(ABOUT THIS EXERCISE): The answer is the data repeated in full, with no pictures included.

(SOURCE DATA):
-*-

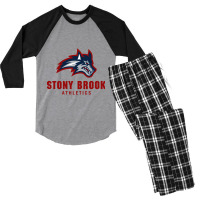 The Seawolves, Stony Brook Univ Men's 3/4 Sleeve Pajama Set | Artistshot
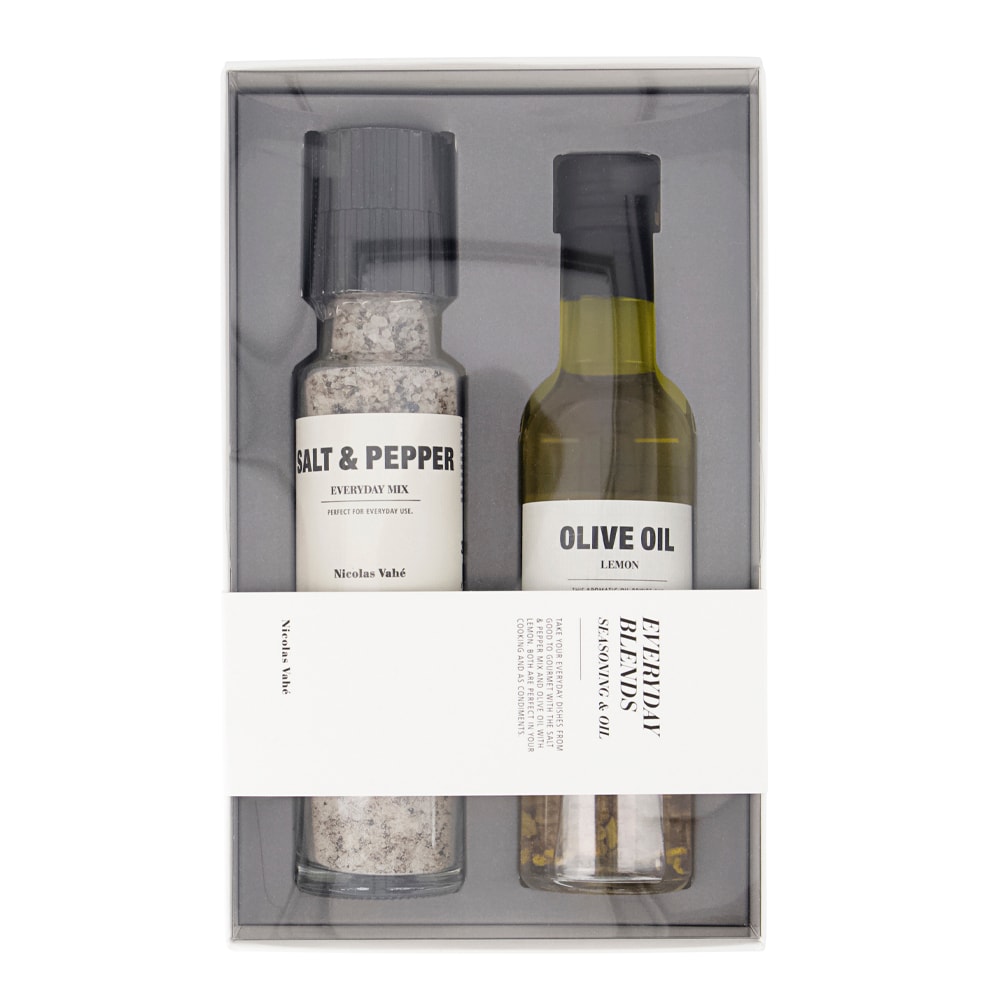 Everyday Blends Salt & Peppar med Citrussmakande Olivolja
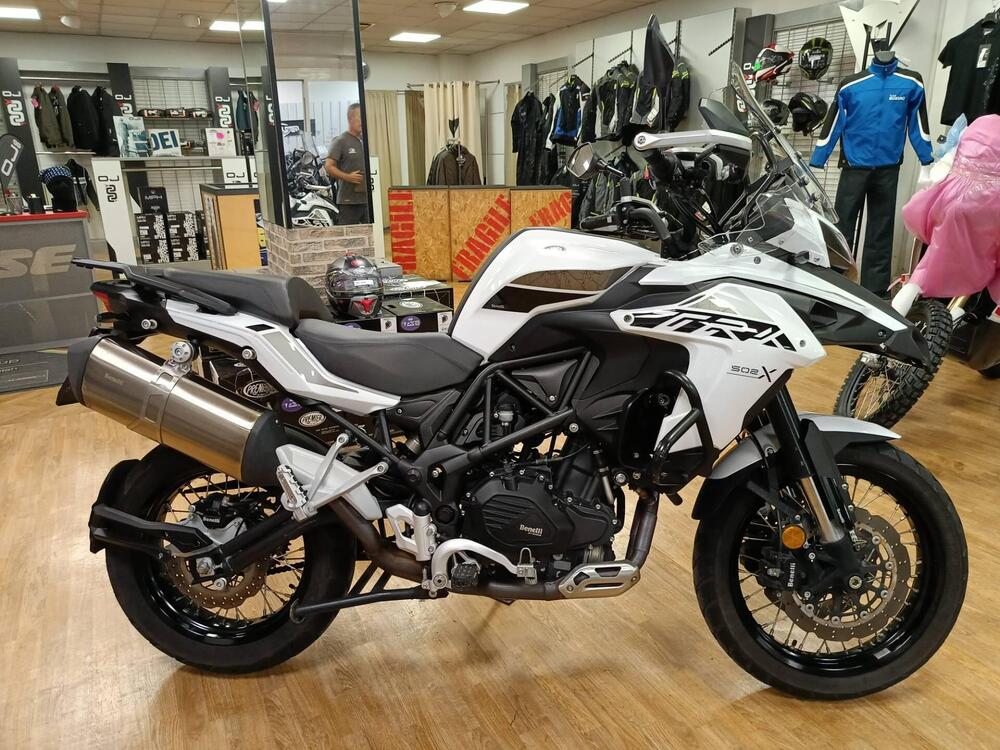 Benelli TRK 502X (2020) (2)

-*-

(YOUR RESPONSE):
 The Seawolves, Stony Brook Univ Men's 3/4 Sleeve Pajama Set | Artistshot
 Everyday Blends Salt & Peppar med Citrussmakande Olivolja
 Benelli TRK 502X (2020) (2)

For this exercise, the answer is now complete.